Few newlyweds fight, or even have mild quarrels, about anything related to Memorial Day, the Fourth of July, or Presidents' Day. What's there to bicker about? You either go away or go shopping, or not. But end-of-the-year holidays? Those are a different story entirely. Spending Thanksgiving and Christmas (if you celebrate) as a newly married twosome is special. That's why it seems like everybody wants a piece of you, expecting you to visit them on one or both occasions. If you don't have a plan, prepare for battle—with each other. Here are common holiday fights newlyweds have, and suggestions on handling them.
Where to spend the holidays.
This is the biggie, but it's also very common. He wants to be with his family, and you want to be with yours. Maybe you don't want to miss the annual family karaoke session on Christmas Eve, and he doesn't want to miss his family's traditional Christmas brunch prepared entirely by his dad. Keep this word foremost in your mind: Compromise. Go to your folks' place for the singalong Christmas Eve and his clan's brunch the next day. Neither of you get to spend the entire holiday with one family. What if your families live too far apart? Then take turns: One year you go to your family's for Thanksgiving and to his for Christmas, and then switch the next year.

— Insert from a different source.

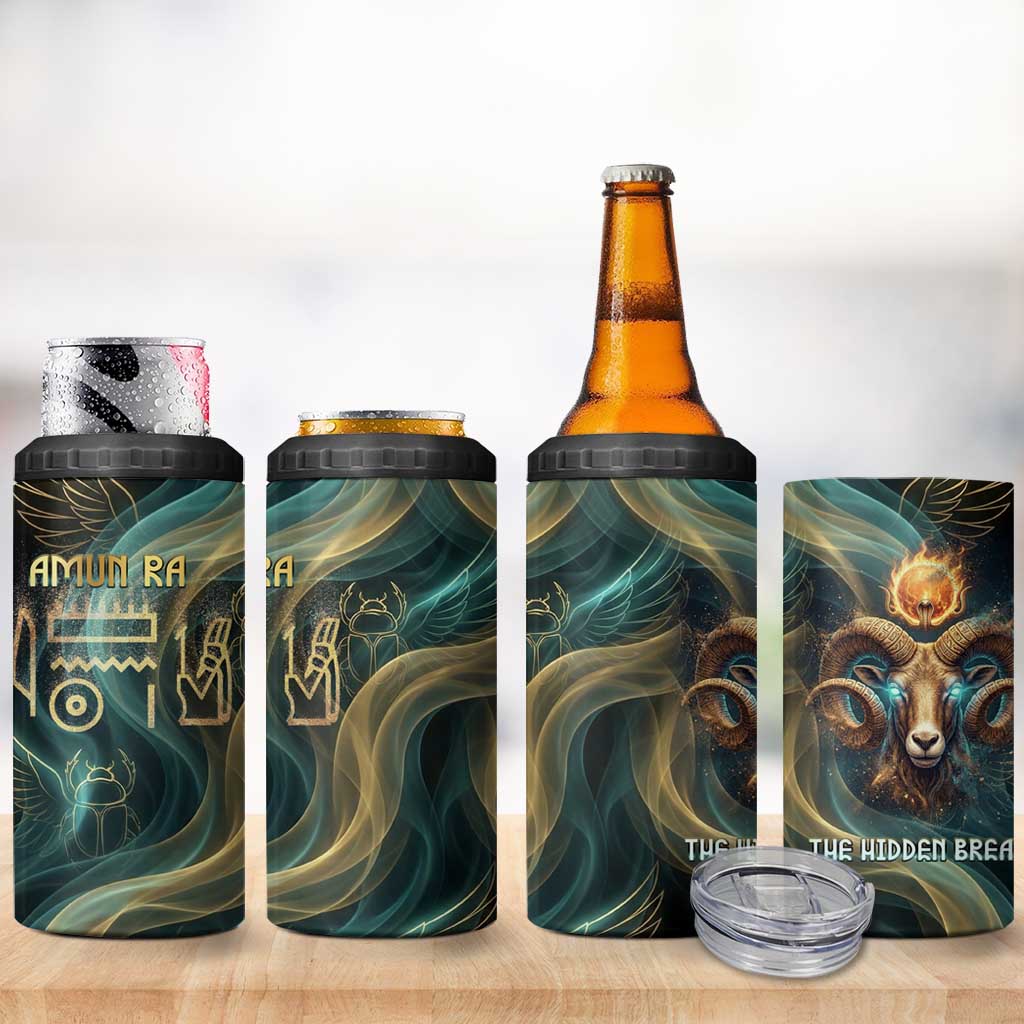 Amun Ancient Egyptian 4 in 1 Can Cooler Tumbler with Mystical Smoke Swirl Pattern, Fiery Ram Head, and Hieroglyphic - Wonder Print Shop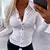 VB24 - BLUSA ELEGANTE CASUAL PLISSADA DE BOTÕES MONOCROMÁTICA VERSÁTIL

How much to spend on gifts.
One of you may like to be extravagant when it comes to presents, while the other wants to be much more frugal. To avoid any hard feelings—or one spouse getting diamond earrings and the other one unwrapping socks—have a chat in November about how much to spend. Give a range, like $75 to $100, or whatever works for your budget and you agree on.
Who has to buy the family gifts.
Old stereotypes often get new life when there's been a marriage. Just because you're a wife now, all the gift-buying doesn't have to automatically fall on you. Divide the lists evenly or, better yet, shop together.
What to do on New Year's Eve.
Maybe you prefer a quiet night at home with a few other married couples while he prefers to be in the middle of the action at a loud party. What did you do while you were dating? If one of you wants to do something different than what you were used to, don't expect the other spouse to automatically—and happily—switch gears. Again, an every-other-year compromise may be the best solution. Or throw a party on your home turf—you get to stay home, he gets to celebrate with lots of friends.